(Image-text web data)
--- START ---

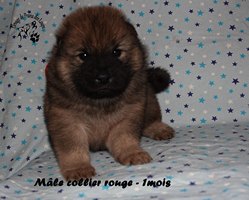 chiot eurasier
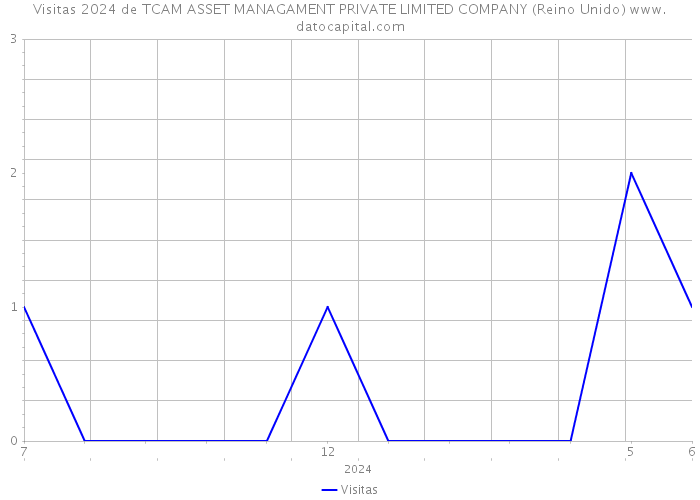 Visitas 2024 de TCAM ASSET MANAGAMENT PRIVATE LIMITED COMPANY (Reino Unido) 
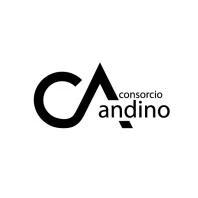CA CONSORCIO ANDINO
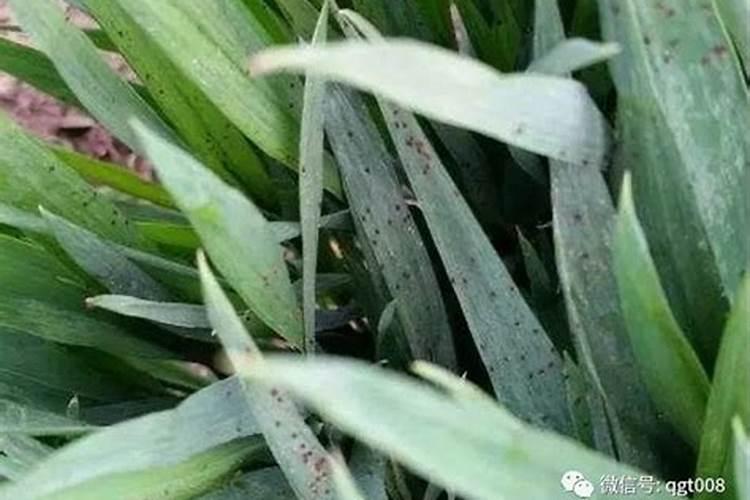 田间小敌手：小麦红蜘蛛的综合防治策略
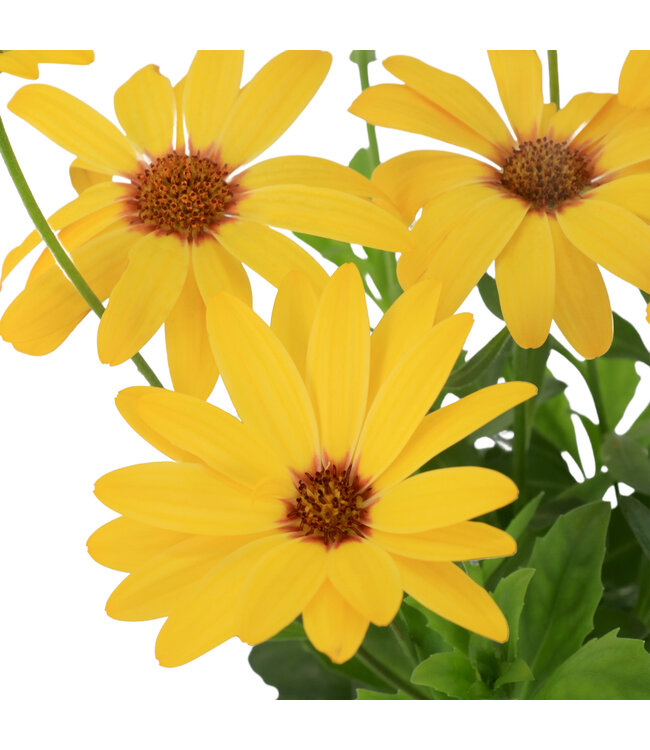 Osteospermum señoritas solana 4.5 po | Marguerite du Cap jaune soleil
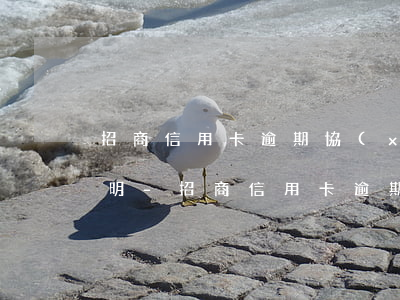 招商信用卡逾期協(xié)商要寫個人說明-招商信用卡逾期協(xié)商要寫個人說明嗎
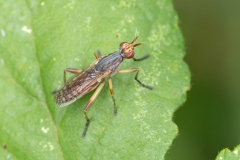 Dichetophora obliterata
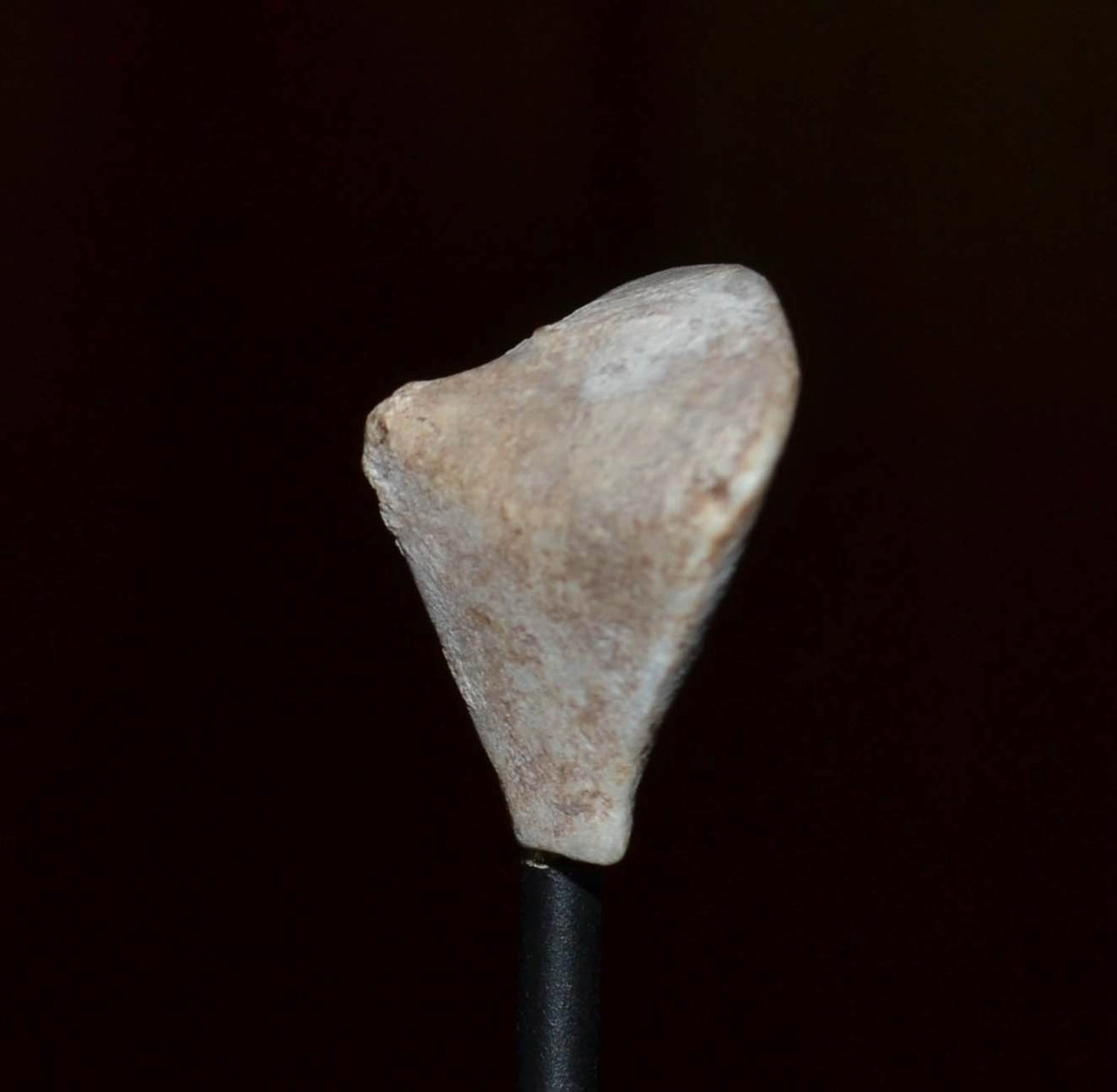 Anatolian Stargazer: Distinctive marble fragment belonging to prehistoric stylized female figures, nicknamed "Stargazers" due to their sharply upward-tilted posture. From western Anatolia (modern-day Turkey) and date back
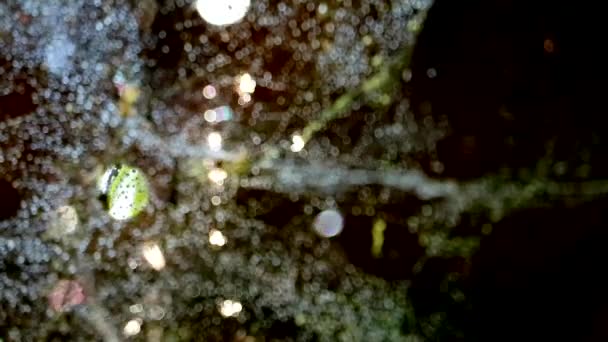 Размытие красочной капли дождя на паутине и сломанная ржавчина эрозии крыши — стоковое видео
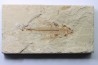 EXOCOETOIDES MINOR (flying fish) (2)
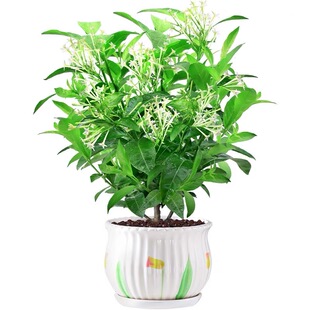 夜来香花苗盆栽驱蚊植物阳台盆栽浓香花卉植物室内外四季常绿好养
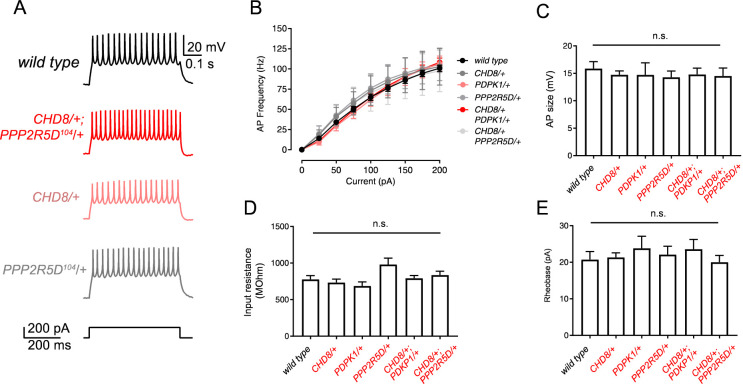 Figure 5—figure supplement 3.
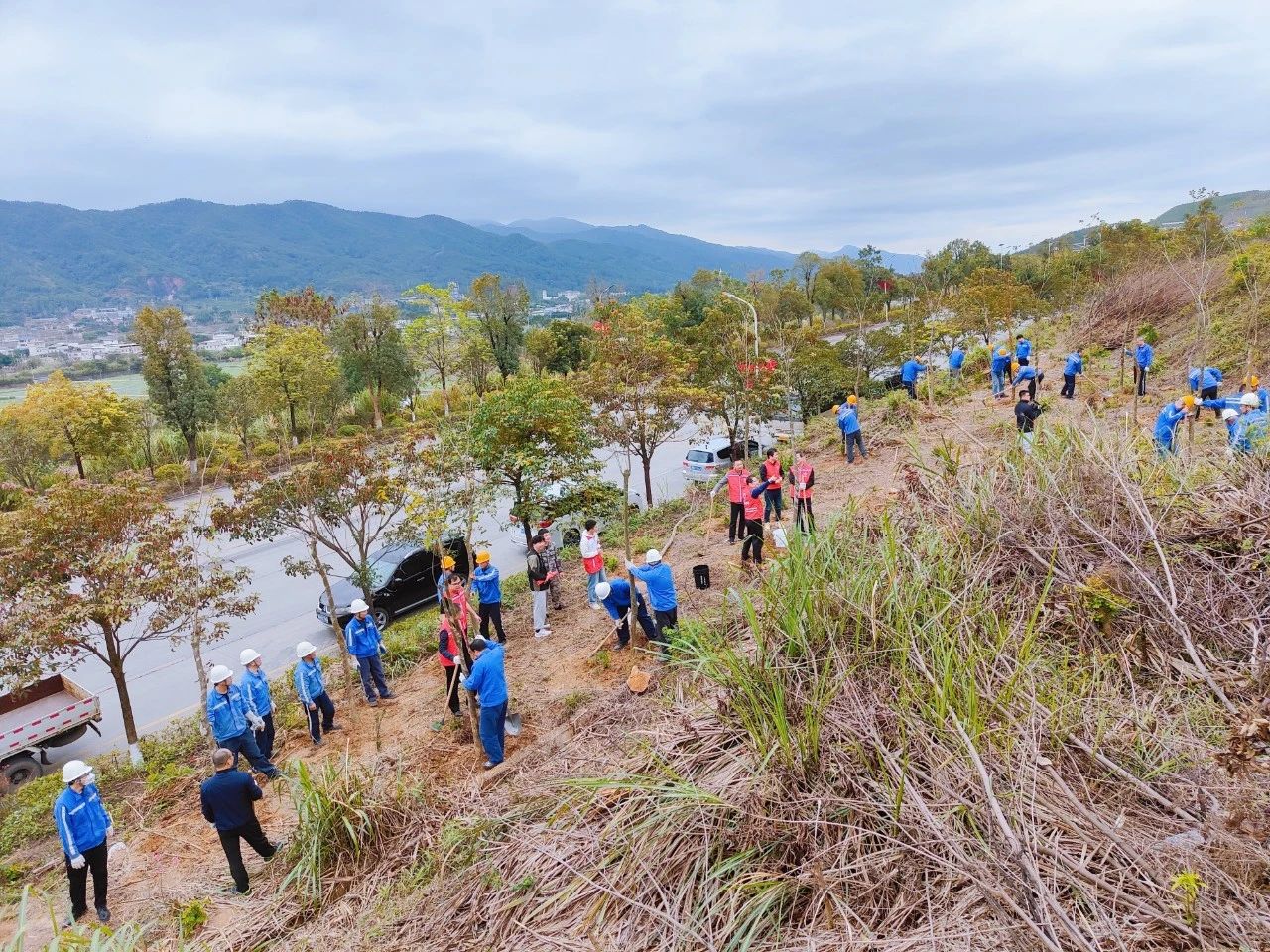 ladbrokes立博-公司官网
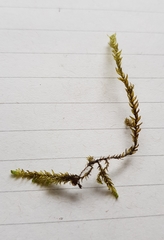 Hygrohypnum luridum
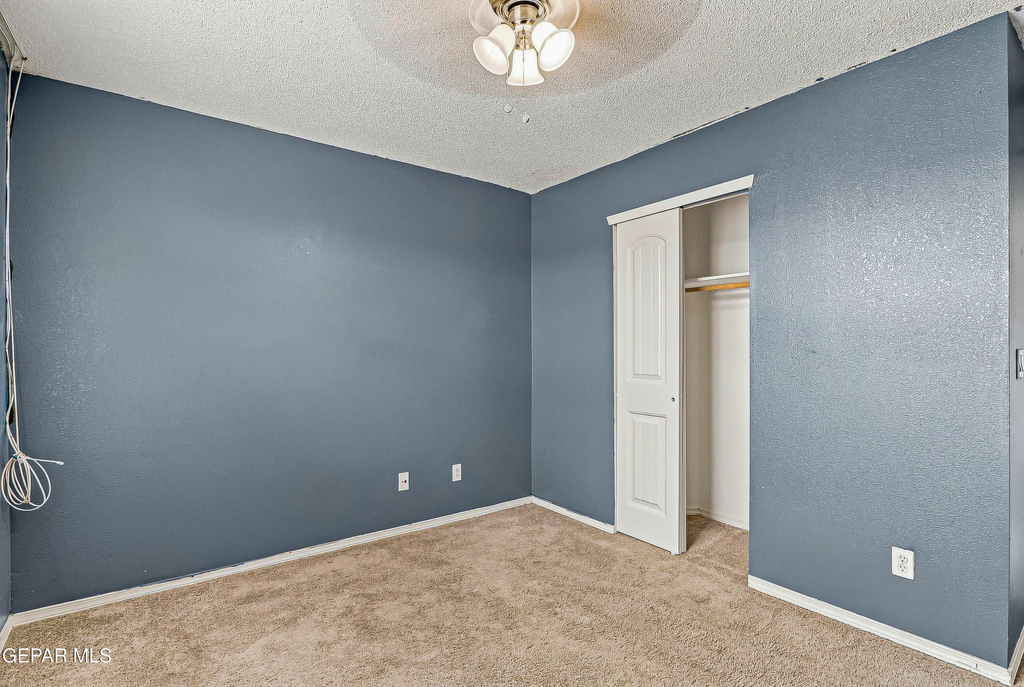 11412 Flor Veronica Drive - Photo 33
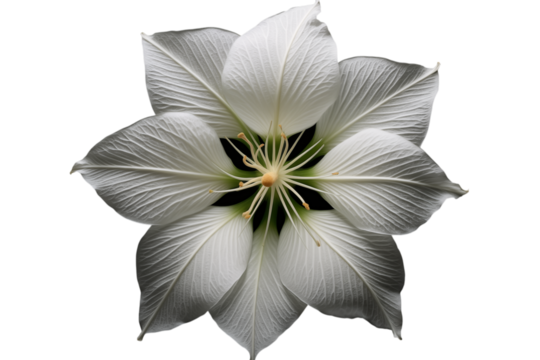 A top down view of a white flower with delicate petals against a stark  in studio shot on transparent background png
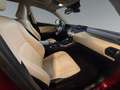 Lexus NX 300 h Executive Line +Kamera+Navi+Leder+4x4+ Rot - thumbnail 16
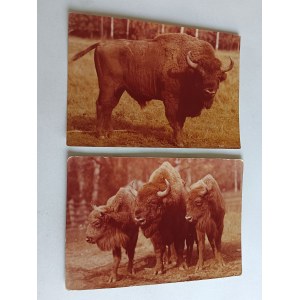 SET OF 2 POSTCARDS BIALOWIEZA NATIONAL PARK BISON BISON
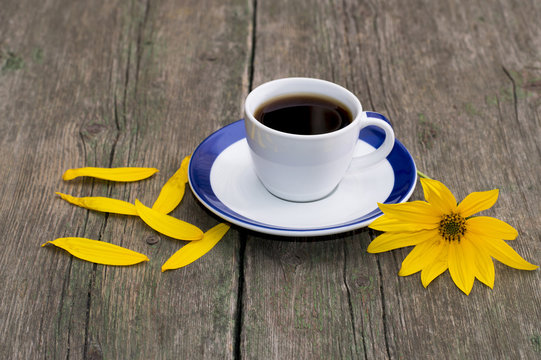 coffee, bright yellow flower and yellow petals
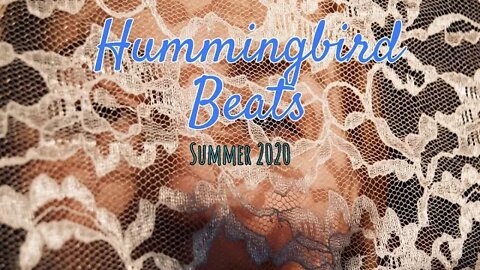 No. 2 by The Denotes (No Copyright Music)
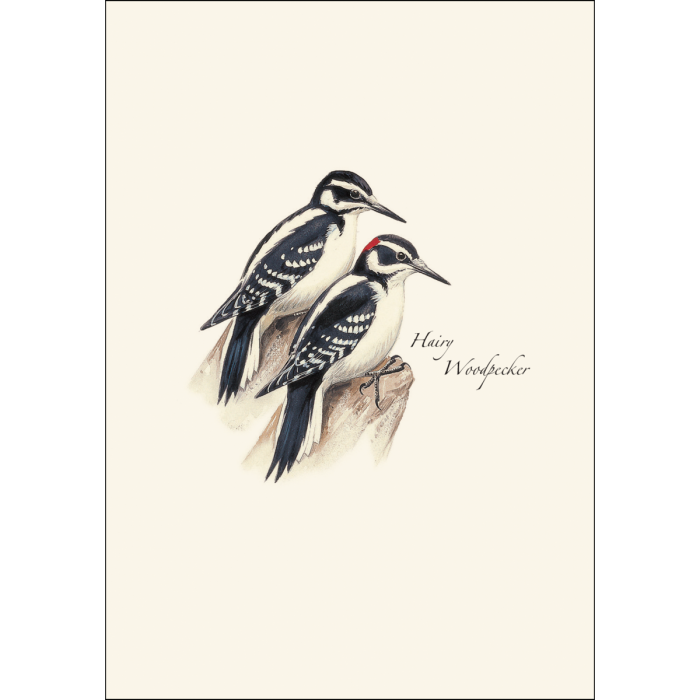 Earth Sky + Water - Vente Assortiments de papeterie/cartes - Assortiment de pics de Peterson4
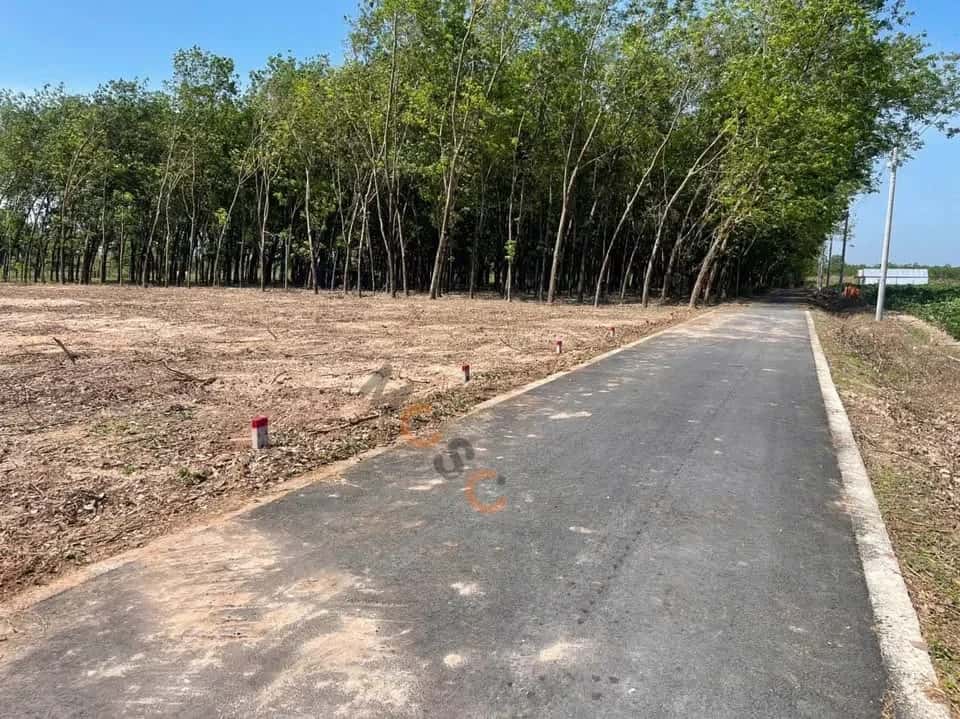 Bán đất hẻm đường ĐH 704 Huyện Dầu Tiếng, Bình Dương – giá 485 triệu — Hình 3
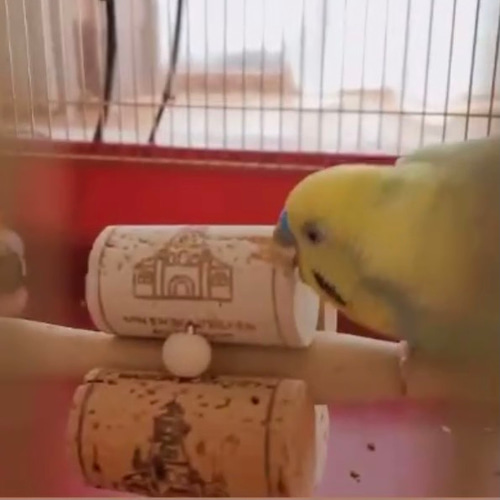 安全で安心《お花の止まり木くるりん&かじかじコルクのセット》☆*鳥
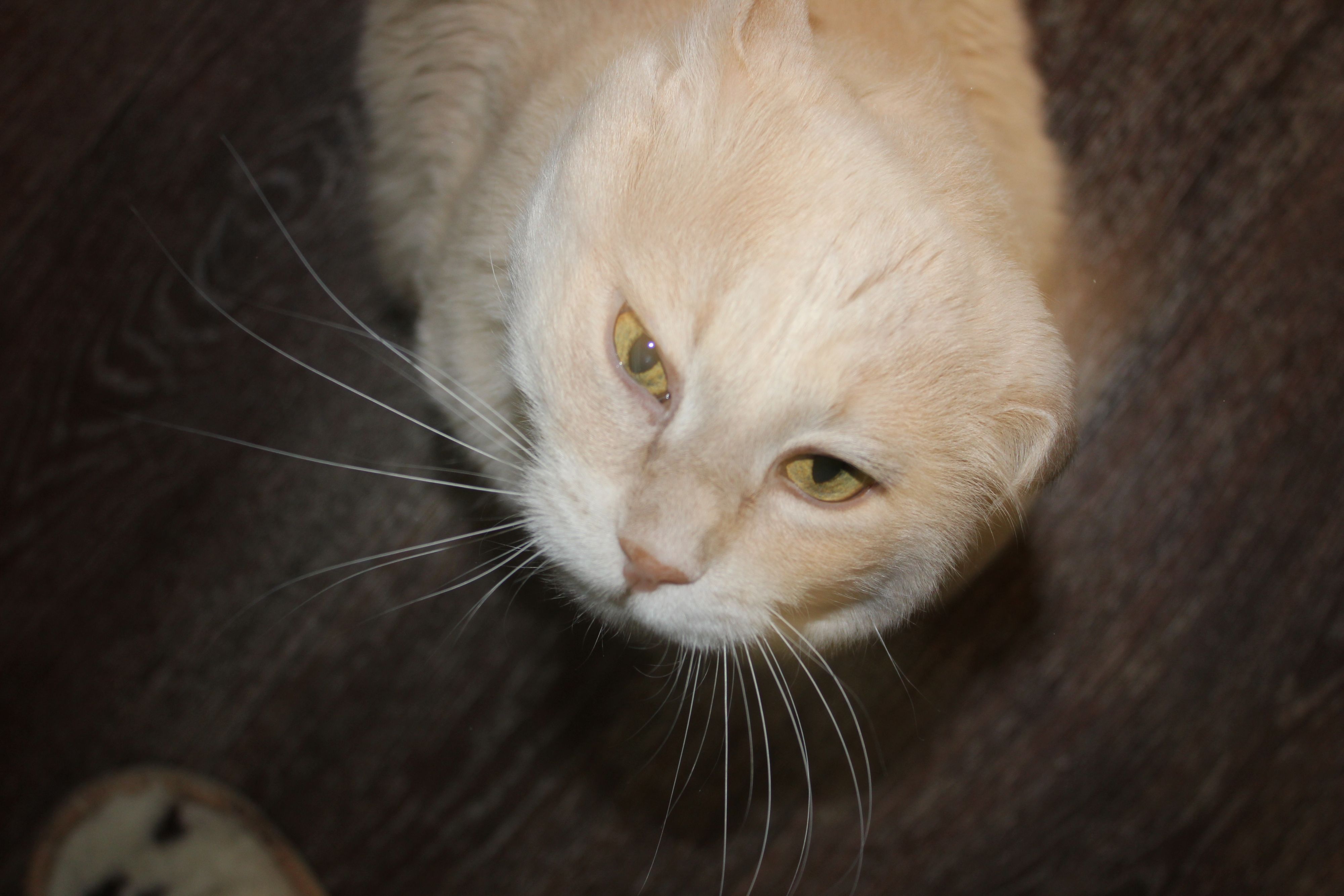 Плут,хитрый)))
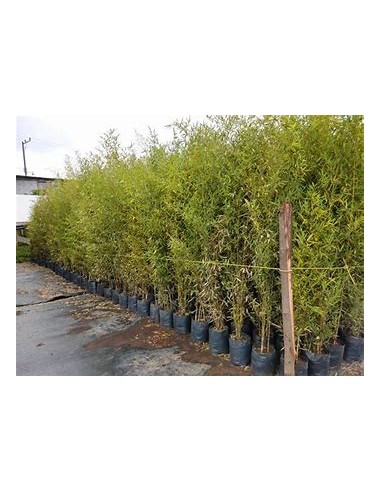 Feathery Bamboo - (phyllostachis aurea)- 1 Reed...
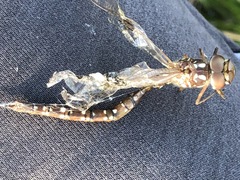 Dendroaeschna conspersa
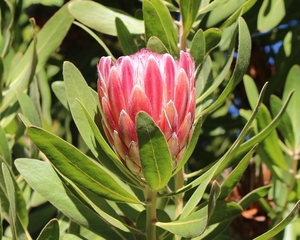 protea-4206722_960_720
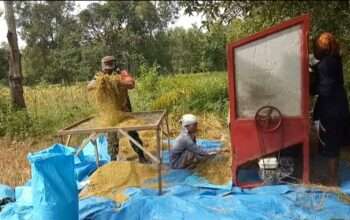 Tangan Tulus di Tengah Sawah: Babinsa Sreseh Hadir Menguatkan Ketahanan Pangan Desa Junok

--- END ---

__Problem__
Each line of the data above must be repeated exactly, images excluded.

__Your response__
 chiot eurasier
 Visitas 2024 de TCAM ASSET MANAGAMENT PRIVATE LIMITED COMPANY (Reino Unido) 
CA CONSORCIO ANDINO
 田间小敌手：小麦红蜘蛛的综合防治策略
 Osteospermum señoritas solana 4.5 po | Marguerite du Cap jaune soleil
 招商信用卡逾期協(xié)商要寫個人說明-招商信用卡逾期協(xié)商要寫個人說明嗎
 Dichetophora obliterata
 Anatolian Stargazer: Distinctive marble fragment belonging to prehistoric stylized female figures, nicknamed "Stargazers" due to their sharply upward-tilted posture. From western Anatolia (modern-day Turkey) and date back
 Размытие красочной капли дождя на паутине и сломанная ржавчина эрозии крыши — стоковое видео
 EXOCOETOIDES MINOR (flying fish) (2)
 夜来香花苗盆栽驱蚊植物阳台盆栽浓香花卉植物室内外四季常绿好养
 Figure 5—figure supplement 3.
 ladbrokes立博-公司官网
 Hygrohypnum luridum
 11412 Flor Veronica Drive - Photo 33
 A top down view of a white flower with delicate petals against a stark  in studio shot on transparent background png
 Lexus NX 300 h Executive Line +Kamera+Navi+Leder+4x4+ Rot - thumbnail 16
 SET OF 2 POSTCARDS BIALOWIEZA NATIONAL PARK BISON BISON
 coffee, bright yellow flower and yellow petals
 No. 2 by The Denotes (No Copyright Music)
 Earth Sky + Water - Vente Assortiments de papeterie/cartes - Assortiment de pics de Peterson4
 Bán đất hẻm đường ĐH 704 Huyện Dầu Tiếng, Bình Dương – giá 485 triệu — Hình 3
 安全で安心《お花の止まり木くるりん&かじかじコルクのセット》☆*鳥
 Плут,хитрый)))
 Feathery Bamboo - (phyllostachis aurea)- 1 Reed...
 Dendroaeschna conspersa
 protea-4206722_960_720
 Tangan Tulus di Tengah Sawah: Babinsa Sreseh Hadir Menguatkan Ketahanan Pangan Desa Junok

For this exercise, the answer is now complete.